SnowFlame: la cocaína y el prejuicio

por La hora del escarnio


Una ilustradora estadounidense decidió revivir a un personaje que desapareció de DC Comics hace 25 años.  Se llama SnowFlame y sus poderes vienen de la cocaína, a la que adora como si fuera una deidad y para la que dice trabajar, por eso se dedica a la distribución de drogas. “La cocaína es mi dios y yo soy el instrumento humano de su voluntad”, proclama SnowFlame, orgulloso. El alter ego de SnowFlame es Fabián Orosco, un capo colombiano que podría ser oriundo “de uno de los departamentos del sur de Colombia”.

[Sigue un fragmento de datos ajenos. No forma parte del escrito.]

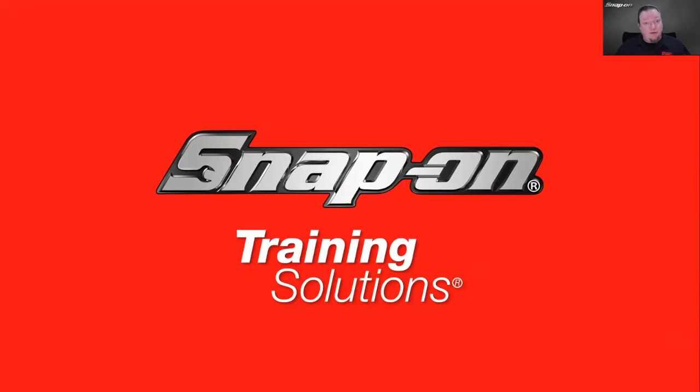Hello everyone, welcome. Thanks for joining our diagnostic training session today. What you're about to see is a prerecorded training session we did over in the United States. But be assured that a lot of the material we cover is really applicable to any automotive application. Just be aware that yes, it is a lot of North American vehicles, but a lot of the same principles apply over in the UK as well.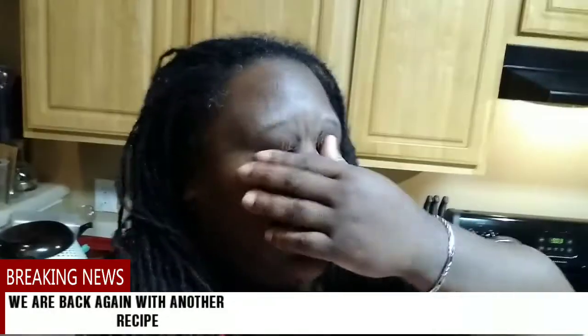Hey y'all, so about to do another meal today — chicken. Me and Queen are about to make Chicken Cordon Bleu, Chicken Cordon Bleu Casserole, y'all. So I'm gonna show y'all what we're using, show y'all the recipes of what you need for the Chicken Cordon Bleu, and in a few we're gonna show y'all and then we'll be right back.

Varios periódicos de Estados Unidos han tildado al comic de xenofóbico y de hacer apología de las drogas, comentarios que no dejan de estar muy relacionados con las elecciones de noviembre. La importancia del voto latino en Estados Unidos ha aumentado enormemente, pues ya existen segundas generaciones de latinos que son ciudadanos norteamericanos votantes y que buscan presidentes que defiendan sus derechos como minoría (esos votos, por lo general, se van hacia el candidato demócrata, casi siempre más tolerante que el republicano).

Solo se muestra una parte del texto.